Un adulte respire en moyenne 12 fois par minute. Cela représente 19 440 cycles d’inspiration et d’expiration dans une journée, 136 080 dans une semaine et 7 076 160 dans une année. Il s’agit donc d’un mouvement répétitif majeur nécessitant une coordination adéquate. Votre respiration rythme vos activités quotidiennes et vous permet d’apporter l’oxygène nécessaire à l’ensemble de votre corps pour pouvoir vaquer à vos occupations. Elle va non seulement s’accélérer lorsque vous faites du sport et ralentir pendant votre sommeil, mais peut également changer sous certaines conditions, comme l’effet du stress ou de la douleur persistante.

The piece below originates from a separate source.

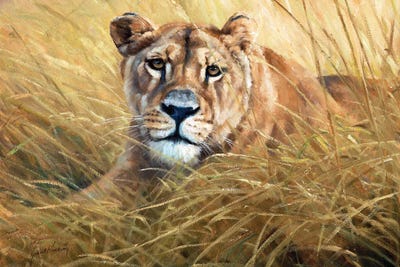 Lying In Wait by Grant Hacking framed canvas print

La respiration est un processus à la fois actif (qui demande un effort musculaire pour faire entrer l’air dans les poumons) et passif (à l’expiration régulière, lors de la relaxation des muscles et par le recul élastique des poumons, pour faire sortir l’air). Le principal muscle respiratoire s’appelle le diaphragme.

                                           

                                                                                                                                                                                         Atlas d’anatomie, Gilroy et al, 2010

Ce muscle est composé de trois sections ayant toutes en commun un tendon central en forme de coupole. L’une des sections s’attache sur les côtes 7 à 12, une deuxième forme deux piliers (droit et gauche) s’attachant sur la colonne vertébrale lombaire (L1 à L3) et la dernière s’attache en avant, sur la face arrière du processus xiphoïde (la pointe du sternum).

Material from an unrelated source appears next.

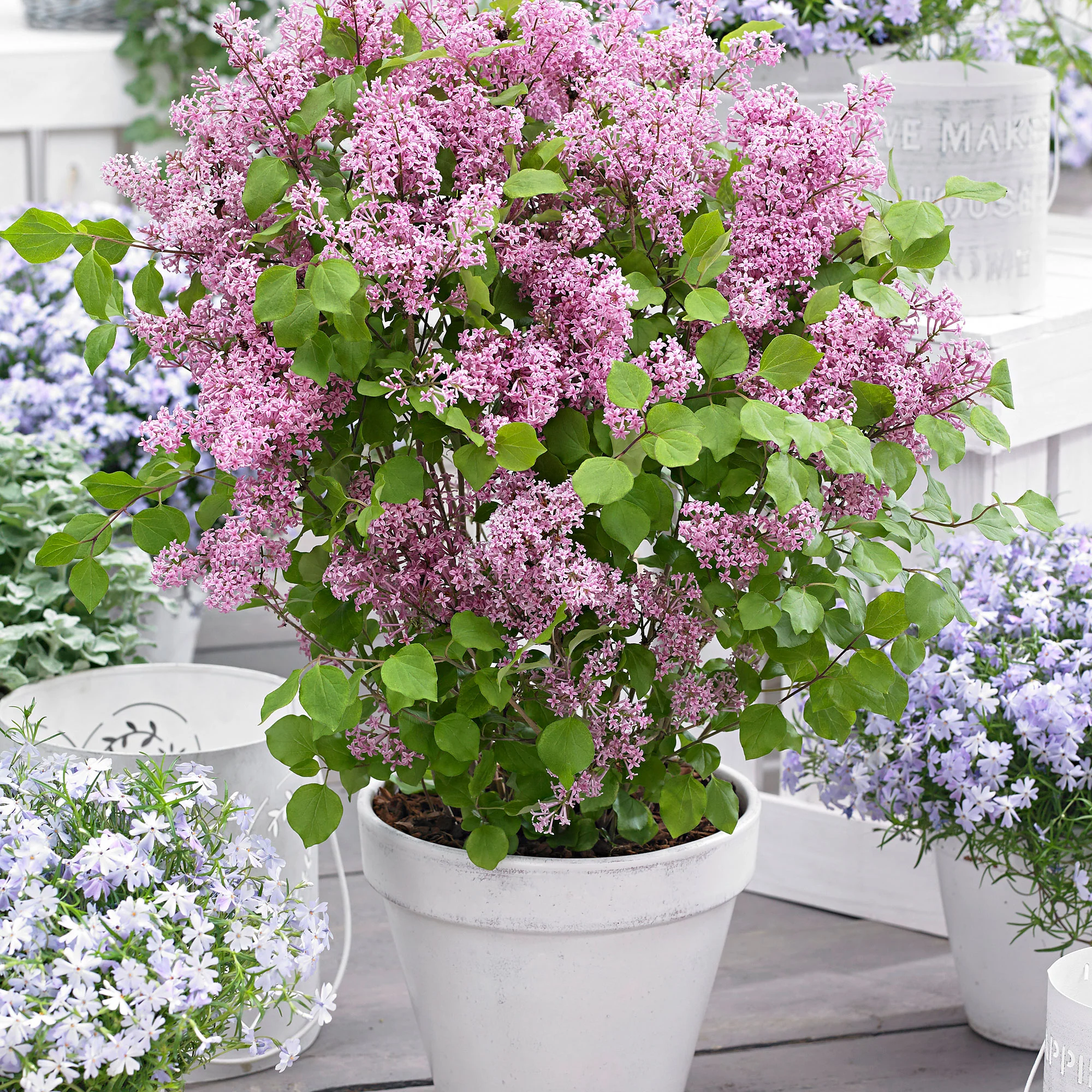Lilas nain 'Flowerfesta Pink' rose - Image 6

Respirez-vous surtout du haut du corps, avec la poitrine se soulevant vers l’avant? Si oui, votre diaphragme nécessite peut-être un coup de pouce! Votre physiothérapeute peut évaluer votre patron respiratoire et vous guider dans le réentraînement et l’optimisation de la contribution de ce muscle dans des tâches de contrôle moteur et dans vos exercices pour votre mal de dos. En effet, il existe un lien bien réel entre « mal de dos » et « diaphragme »! Par ses attaches sur les vertèbres de votre dos, le diaphragme contribue au contrôle de la colonne vertébrale (avec l’aide des muscles abdominaux) en la « rigidifiant » lors de mouvements venant « challenger » votre dos (Hodges et coll., 2005; Kolar et coll. 2010; Miyamoto et coll., 2002). Il joue ainsi un rôle postural. Chez un adulte en santé, le diaphragme réussit à coordonner ce rôle avec son rôle primaire respiratoire. Chez les patients présentant des douleurs au dos ou à l’articulation sacro-iliaque, le diaphragme se trouve dans une position plus élevée et se déplace différemment lors de sa contraction à l’inspiration, ce qui altère sa capacité à contribuer au contrôle de la colonne (Kolar et coll., 2012; O’Sullivan et coll., 2002). Des études ont démontré que la mauvaise coordination des rôles postural et respiratoire du diaphragme dans une activité requérant l’utilisation des bras ou des jambes pouvait diminuer la stabilité de la colonne lombaire et potentiellement ainsi contribuer à entretenir la douleur dans différentes tâches telles que soulever des charges (Kolar et coll., 2012; Hodges et coll., 2001; Hodges 2017). Les patrons respiratoires altérés sont associés aux problèmes de contrôle moteur chez ces patients (Roussel et al, 2008; O’Sullivan et coll., 2002).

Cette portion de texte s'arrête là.